Greater angle of attack?  That’s the thing I was struggling with.

Currently building a CNC.  It’ll be 6-8 months before I’m cutting again.

 

Thanks for the input.

What you should have done is made a fin to match.

Barring that, you are not going to get the same performance out of a double foiled rail fin as you were getting from a single foiled rail fin. 

I would try decreasing the toe by 1/16". It may help, but you won’t bottom turn as well going the other way (which may or may not matter).

 

Thanks for the input, Blake

I tweaked the toe in a bit and this seemed to really help with Saturday’s session in good 3-4’ waves.  No hanging at the top and nice tight radius top turns.

Rode small rights the next day and don’t know it it was my imagination, but didn’t seem as quick off the mark.  Could have been me, the waves or the fins.

Next I’ll have to try your suggestion of decreasing toe a touch.  To my thinking this will have the effect of decreasing the angle of attack in turns?

Now to get a correct fin if work doesn’t keep getting in the way of fun.

[edit some incorrect stuff out]

So is the theory behind this as follows?:

single foiled - lots of lift; double foiled - little lift/no lift

more angle of attack (toe in) = increases lift of a foil

increasing toe on double foiled fin increases lift to something nearer the single foiled fin = surfs more like it should

Decreasing toe will increase angle of attack.

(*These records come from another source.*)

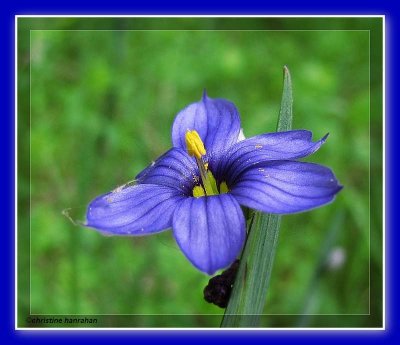 Blue-eyed grass (<em>Sisyrinchium</em>)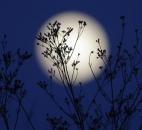 A supermoon rises Saturday behind roadside plants growing in Prattville, Ala.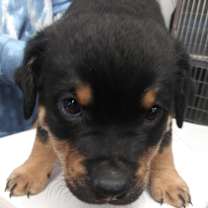 Thumbnail photo of Bear (Otto) #2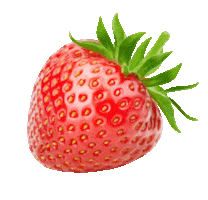 FROOTco Sticker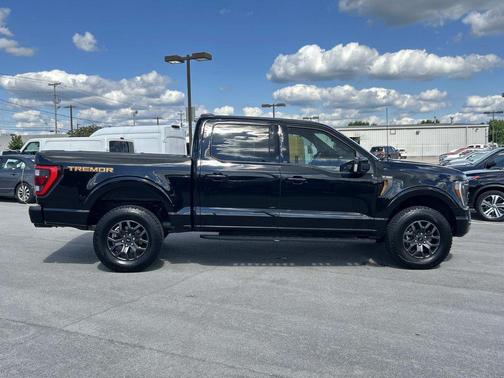 Agate Black Metallic 2023 Ford F-150 Tremor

A single foiled fin has an asymmetric lift/drag relation. More lift at positive AOAs, less at negative AOAs, as though the AOA were increased slightly. To match the lift at positive AOAs, you will need to increase the angle of attack of the rail fin (ie: decrease the toe-in). This will, however, negatively impact thrust as that depends on the relative angles of the rail and rear fin. For coming off the top it can be done. However you will lose some bottom turn thrust. 

Its a fun game to surf the same board with rail fins toed in at 1/8", 3/16", 1/4", 5/16", and 3/8". The low toe boards can turn tightly but cannot generate speed, the mid-toe boards cannot turn as tightly but can generate thrust, and the highest toe boards will slide through turns. Thrust is really just a controlled slide through a turn anyway, isn’t it?

hth

 

thanks blakestah. just realised I had absolutely no idea what effect toe had (after shaping and finning about 70 boards).

I guess I need to get some of those adjustable fin systems…

Just to be clear, even a double foiled fin (which presumably experiences no perpendicular forces at 0 degrees) can create lift with an increased angle of attack?

I’m worried I’ve got the terminology backwards here.

The more the side fins point towards (below) the nose, the easier the board will come around.  It this called more toe or less toe?  Judjing from the comment above, this is less toe?

I spent a few days in Bali going too fast and straight because I had my fins pointing about 4" off the nose.  Wound it back to 2" or so and found a sweet spot between speed and getting vert.

What is the fore-aft spread of your fin cluster? If the rear is at 4 and the front is at 11, it would be a 7 inch spread. 4 and 12 would be an 8 inch spread. If you reduce toe and still want to turn quickly the spread needs to be closer to 7 than to 8 inches - otherwise it will get a little tracky. 

Thanks for the input, Blakestah.

Kneeboarding so fin setting rules abused.  Design rail line for projection, push fins forward for looseness, spread side fins for drive, spread front/rear for control (drive):

9" spread front to back.

Side fins 18" up and 8" off stringer (16-17" apart!).  Rear fin at 9"

Yes, things get tracky when the fins are toed 3-4" off the nose (but it’s fun if you don’t want to turn!)